TransWikia.com

How to improve the efficiency of periodicity detection for long time based lined and gapped datasets

Computational Science Asked on February 16, 2021

Our data set has $10^4$ data points, but has a long baseline and many gaps. As the histogram shows, the horizontal-axis is time and most of the time, there are no data. The vertical-axis is data counts. The total time is, in fact, short (green lines), but gaps make the time baseline very long.
enter image description here

If we bin the data, there would be $10^8$ data points[t,value], but only about $1%$ are non-zero values. After binning, most of those values are zero because of those gaps.

How to improve detection efficiency(a faster method)?

A multi-threading way is possible(especially for Lomb-Scargle)?

One Answer

One way to approach it, could be to do the analysis in two steps. First, you do a sweep along your dataset, and collect all nonzero values, and their times into a (much shorter!) data structure.
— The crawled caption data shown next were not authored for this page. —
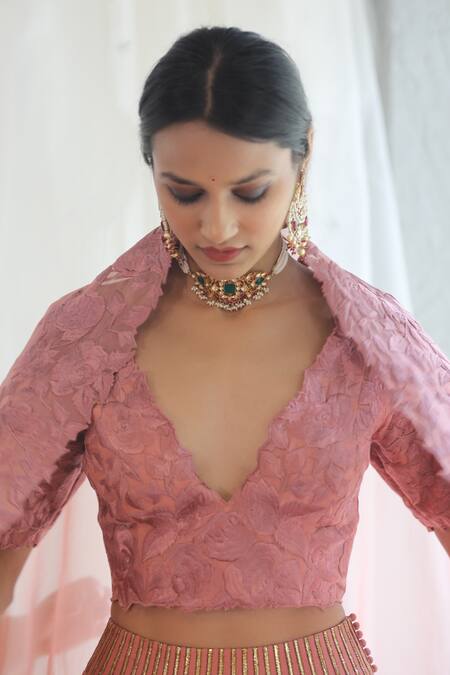 Aikeyah_Pink Organza Lehenga Set_Online_at_Aza_Fashions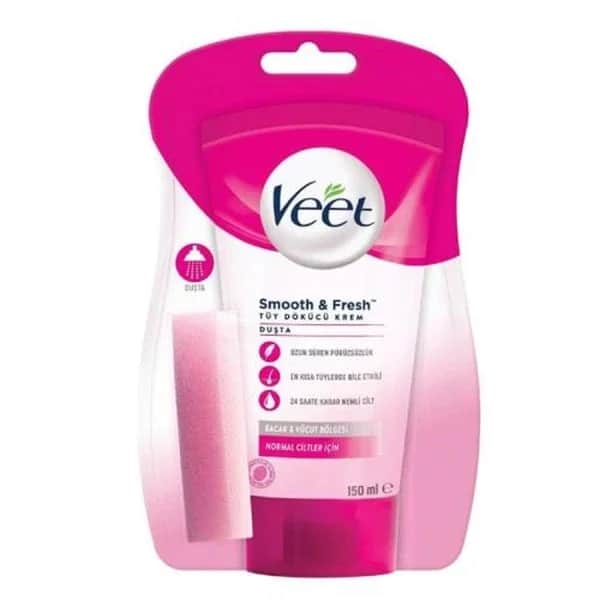 Veet كريم فيت لإزالة الشعر أثناء الاستحمام للبشرة العادية 150 مل مع إسفنجة هدية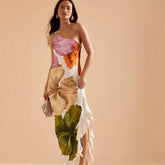 Spring And Oblique Shoulder Positioning Printing Female Dress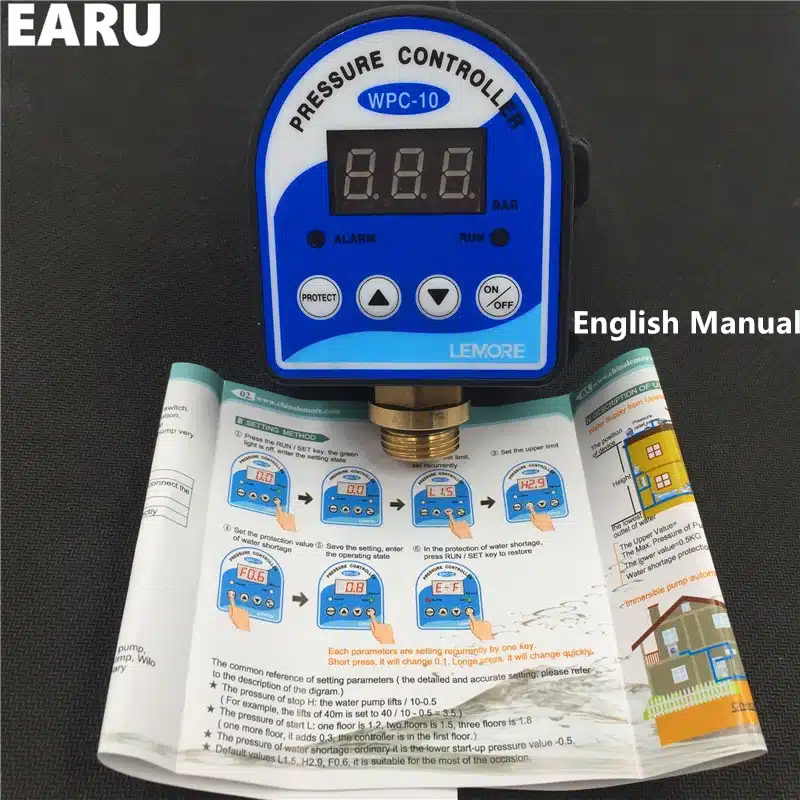 1pc WPC-10 Digital Water Pressure Switch Digital Display WPC 10 Eletronic Pressure Controller for Water Pump With G1/2"Adapter 13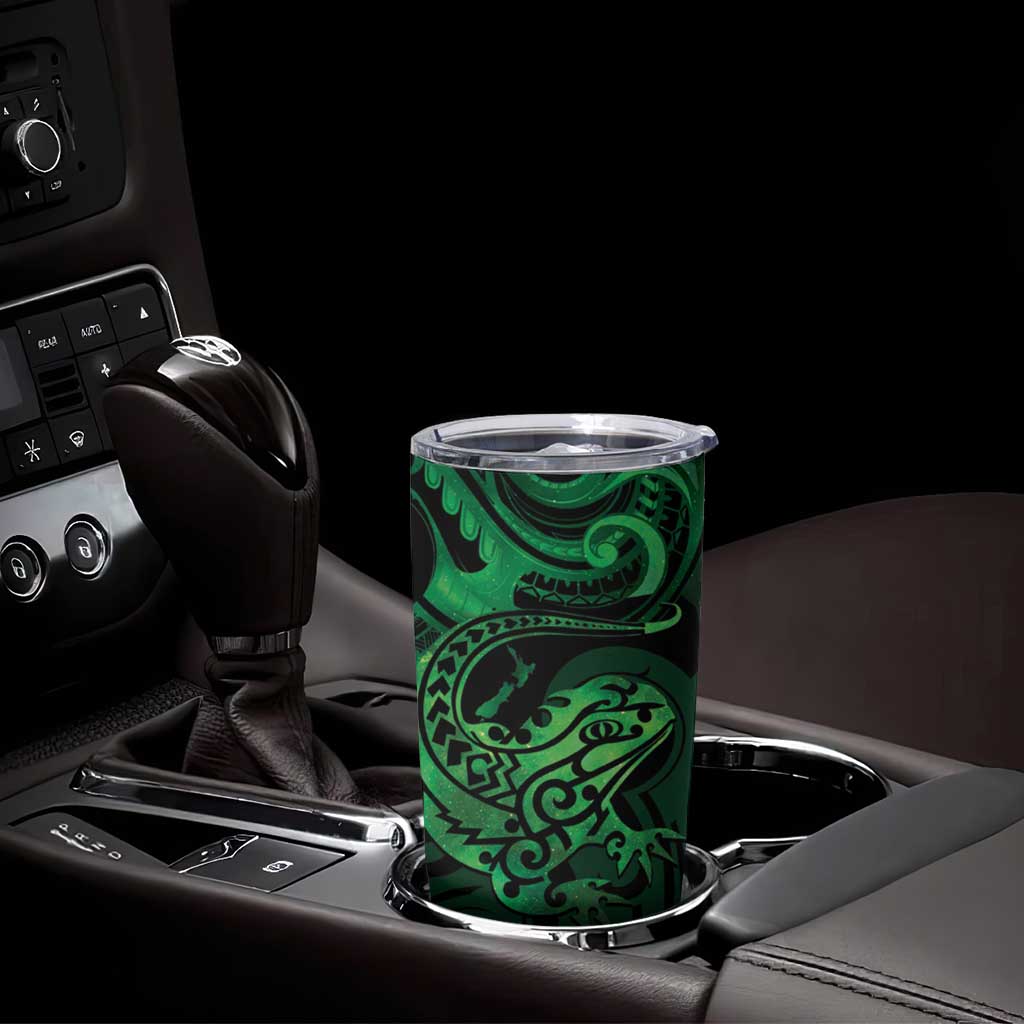 New Zealand Tuatara Tumbler Cup Aotearoa Maori Clematis Flowers - Green LT14 - Polynesian Pride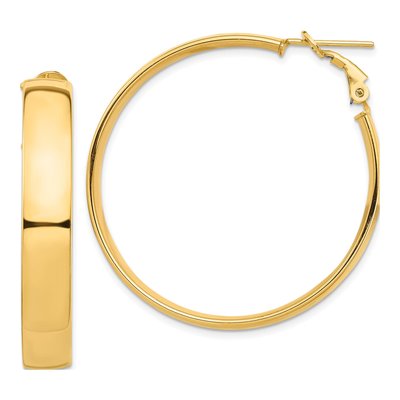 14K Yellow Gold 43mm Flat Tube Hoop Earrings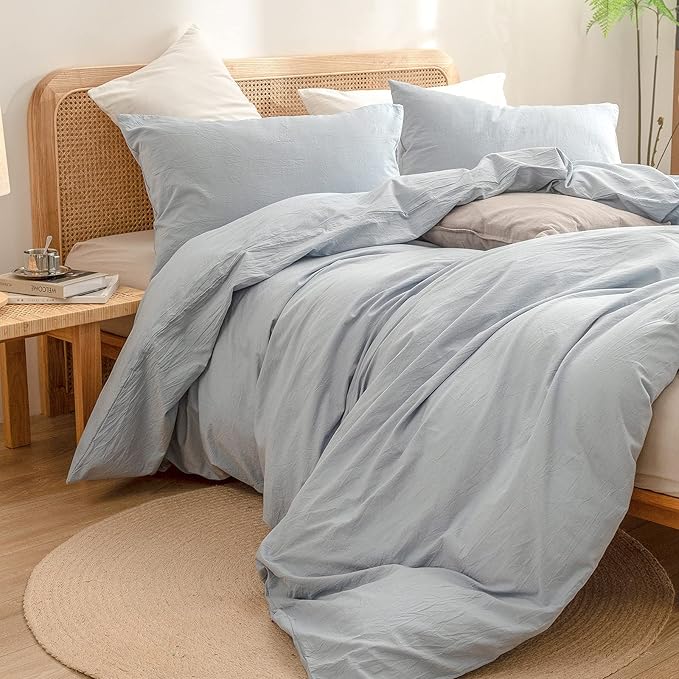 BESTOUCH Duvet Cover Set 100% Washed Cotton Linen Feel Super Soft Comfortable Chic Lightweight 3 PCs Home Bedding Set Solid Cornflower Blue Super Queen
You collect a list of tuples [t,value] basically. Every sweep after that will be extremely fast as you can safely assume every datapoint not in your list to be zero. Clicking on your link I have a hard time understanding what I see. These are not simple csv-style datapoints. They are in the form of:

139459196.2742752731

139462208.5806673169

139462689.1677284241

139467485.6161292493

...

Are these just your times and the second number is omitted?

How do you want to go about the periodicity detection? The obvious way here is to use a fourier transform which, after transform, will show you at which frequencies you have periodicity. Have you researched fast-fourier-transforms for python: (scipy.fftpack) ? I would be surprised if there would be no parallel implementation for a fourier transform in python. If that is still not fast enough there is the FFTW-library, boldly calling itself "Fastest Fourier Transform in The West", but I have to warn you that it is a pain in the ass to use. [EDIT:] There is a pyhton wrapper for FFTW pyFFTW.

You seem to have an impressive ammount of data. You might get away with doing some averaging, depending on your precision needs. If you take the first, say 10, datapoints, and take the maximum amplitude, store in a shorter array, and repeat for the following. You may shorten your dataset significantly (with loss in precision on your time axis of course).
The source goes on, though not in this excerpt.